I may be missing something but it looks to me like the inverter has a gain of 2. I think that would unbalance the balanced output.
The OpAmp with the AGC runs gain -1. The filter also has a gain of -1 at the center frequency, the 2C//0.5R + C+R affords that.
See my post here.
Yes, unfortunately. But you sometimes need the follower because the notch only has an input impedance of about 1.8k .. 3.6k.
Bootstrapping its supply to eliminate any CM voltage sure would help. And while we are at it, we could make this composite to have some gain at our audio frequencies of interest as well.
I was referring to the output drive. See the circled areas. Usually you want a gain of -1 for the balanced drive.
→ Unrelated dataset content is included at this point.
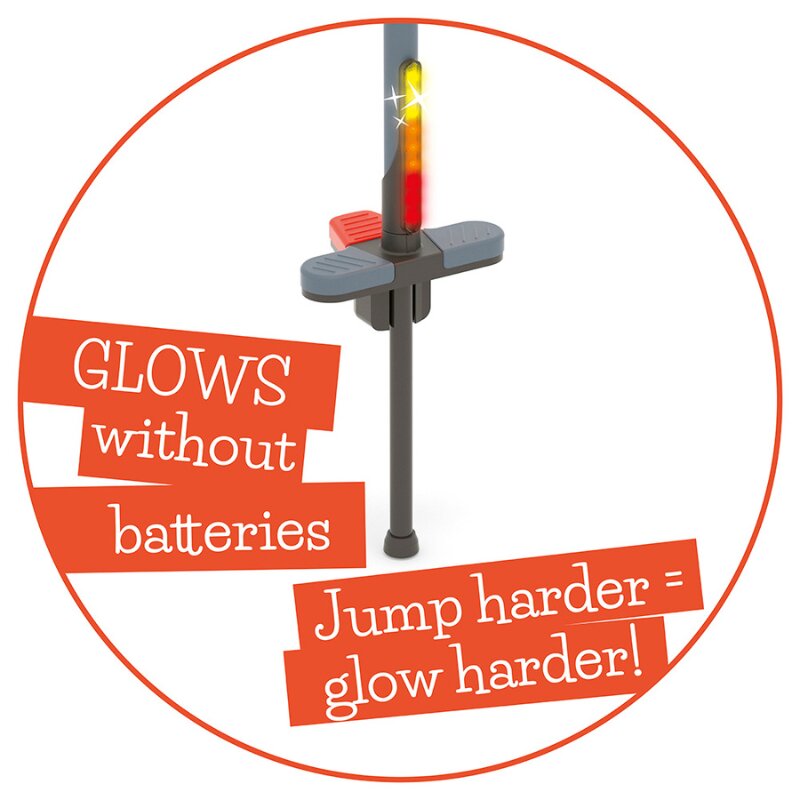 Chillafish Saritor pentru adolescenti Poogi Glow Papaya stick pogo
And why 15K + 1K? In my experiece using a lower resistance lowers the noise and these opamps have no problem driving as low as 600 Ohms.
Attachments
This is not just output drive, please note the feedback. It's the bandpass core of the oscillator and it has a gain of -1 at the oscillation frequency.
15k + 1k is just to get along with E12 values. And that impedance level was choosen to have small capacitor values, 10nF in this case, to get 1kHz. Also, Viktors (the original designer) likely wanted to have no excessive load current to avoid distortion.
For more answers about design decisions maybe better ask Viktors (@vicnic) directly.
This is true. But if the loads are too high, the first harmonics already appear. The OP amp should remain in class A condition.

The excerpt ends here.